Dans ce travail, un modèle énergétique simple, dérivé du modèle de champ de forces de valence a été utilisé. La simplicité du modèle énergétique nous a permis d'effectuer une relaxation, par minimisation de l'énergie élastique, à chaque événement. Les simulations comportent généralement plusieurs millions d'événements.

L'interdiffusion est étudiée en fonction de divers paramètres physiques et de conditions expérimentales : désaccord de maille, constantes élastiques, température, vitesse de dépôt, morphologie du substrat.

Il est en particulier montré que le désaccord de maille diminue l'interdiffusion, contrairement à ce qu'on pourrait croire à priori. Ce résultat est dû à la cinétique de croissance qui permet la création de défauts dans le substrat, et notamment des lacunes, qui relaxent les contraintes plus efficacement que l'interdiffusion. Il est aussi montré que l'interdiffusion augmente sur les surfaces structurées, contenant notamment des tranchées, d'où les atomes diffusent plus facilement.

La formation d'îlots est montré être favorisée par la prise en compte d'interactions entre atomes seconds voisins. C'est une caractéristique des faces (100) des structures blende de zinc où les atomes premiers voisins sont situés sur des plans différents. Il faut souligner que le désaccord de maille favorise l'apparition de surfaces rugueuses plutôt que la formation des îlots.

Déformations et spectres de vibration dans les îlots de Ge et GeSi déposés sur Si

Avec la thèse de H. Kassem, nous avons entrepris une simulation des îlots SiGe sur substrat Si. Ces structures sont capitales pour la réalisation de boites quantiques pour les applications optoélectroniques. Nous avons étudié l'effet du désaccord paramétrique (4%) sur les propriétés statiques et vibrationnelles des îlots de grandes tailles, ayant des facettes $(113)$. La simulation se fait en minimisant l'énergie élastique calculée à partir d'un modèle de champ de forces de valence pour décrire les contraintes et les déformations. Enfin nous avons étudié les propriétés vibrationnelles de ces systèmes en fonction de l'interdiffusion.

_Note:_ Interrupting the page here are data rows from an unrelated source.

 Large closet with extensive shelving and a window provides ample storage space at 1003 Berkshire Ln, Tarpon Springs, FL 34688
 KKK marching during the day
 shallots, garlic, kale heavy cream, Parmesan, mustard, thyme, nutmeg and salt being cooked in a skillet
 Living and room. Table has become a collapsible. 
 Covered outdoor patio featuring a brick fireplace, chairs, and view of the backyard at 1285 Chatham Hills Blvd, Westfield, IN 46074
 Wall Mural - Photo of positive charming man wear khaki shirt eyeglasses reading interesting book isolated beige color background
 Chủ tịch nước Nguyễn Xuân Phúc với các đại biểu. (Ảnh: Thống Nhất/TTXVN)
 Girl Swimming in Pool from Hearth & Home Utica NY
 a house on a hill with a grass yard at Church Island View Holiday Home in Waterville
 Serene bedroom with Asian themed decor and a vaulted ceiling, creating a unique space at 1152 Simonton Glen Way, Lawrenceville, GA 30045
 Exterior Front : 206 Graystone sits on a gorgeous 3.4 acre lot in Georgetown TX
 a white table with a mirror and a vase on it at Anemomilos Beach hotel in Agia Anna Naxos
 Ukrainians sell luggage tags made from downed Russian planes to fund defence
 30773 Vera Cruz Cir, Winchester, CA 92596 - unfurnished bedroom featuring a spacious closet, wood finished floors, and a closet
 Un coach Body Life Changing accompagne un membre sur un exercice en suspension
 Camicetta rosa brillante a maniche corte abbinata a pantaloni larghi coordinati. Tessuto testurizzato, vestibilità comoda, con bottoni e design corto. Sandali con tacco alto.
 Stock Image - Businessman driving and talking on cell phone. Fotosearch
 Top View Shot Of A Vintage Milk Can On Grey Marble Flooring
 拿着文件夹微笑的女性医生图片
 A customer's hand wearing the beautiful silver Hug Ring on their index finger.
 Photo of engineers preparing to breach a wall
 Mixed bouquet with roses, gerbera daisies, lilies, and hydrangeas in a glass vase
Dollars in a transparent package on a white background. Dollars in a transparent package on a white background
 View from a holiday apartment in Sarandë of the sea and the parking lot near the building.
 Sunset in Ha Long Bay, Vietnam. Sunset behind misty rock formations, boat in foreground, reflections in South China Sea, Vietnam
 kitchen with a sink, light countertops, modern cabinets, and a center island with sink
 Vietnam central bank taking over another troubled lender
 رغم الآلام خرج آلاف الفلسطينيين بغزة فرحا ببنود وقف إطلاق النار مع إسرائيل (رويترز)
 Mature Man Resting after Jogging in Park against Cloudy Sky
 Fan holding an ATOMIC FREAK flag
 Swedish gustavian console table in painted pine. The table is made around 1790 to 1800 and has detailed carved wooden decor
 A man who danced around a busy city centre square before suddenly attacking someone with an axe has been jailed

L'objectif de cette étude est de déterminer les déformations, les spectres de vibration et les spectres Raman correspondant aux îlots de Ge et GeSi déposés sur un substrat Si, pour une comparaison avec les résultats expérimentaux obtenus sur les mêmes systèmes.

Les études ont porté sur des îlots libres et enterrés dans une matrice Si, présentant soit des facettes (111), soit des facettes (113).

La méthode passe par l'utilisation de la matrice dynamique qui permet à la fois de :

  • Déterminer les déformations dans l'îlot et dans la couche de Si par la minimisation de l'énergie élastique,
  • Calculer le spectre des vibrations , ainsi que l'état correspondant, à travers sa diagonalisation.

Divers types de potentiels classiques ont été utilisés dans cette étude.

Dans le cas des îlots libres, nous constatons que la relaxation s'opère principalement aux bords des îlots où les atomes sont presque totalement relaxés. Au centre de l'îlot, la couche de Ge reste très cohérente avec le substrat de Si. La seule relaxation possible est de type élongation, très consommatrice en énergie. Nous trouvons une situation analogue dans le substrat, avec une relaxation forte près des bords de l'îlot.

Si l'on cherche la relaxation dans les couches successives de l'îlot, nous remarquons une meilleure relaxation dans les couches supérieures. En même temps, l'anisotropie initiale du substrat de Si orienté (100) se retrouve dans les couches déposées. Ainsi, l'énergie de déformation est différente sur les quatre facettes bordant l'îlot, avec un changement d'orientation dans les couches successives.

Dans le cas d'îlots enterrés, la relaxation est nettement plus faible (d'un ordre de grandeur). L'îlot de Ge reste très cohérent avec le substrat de Si.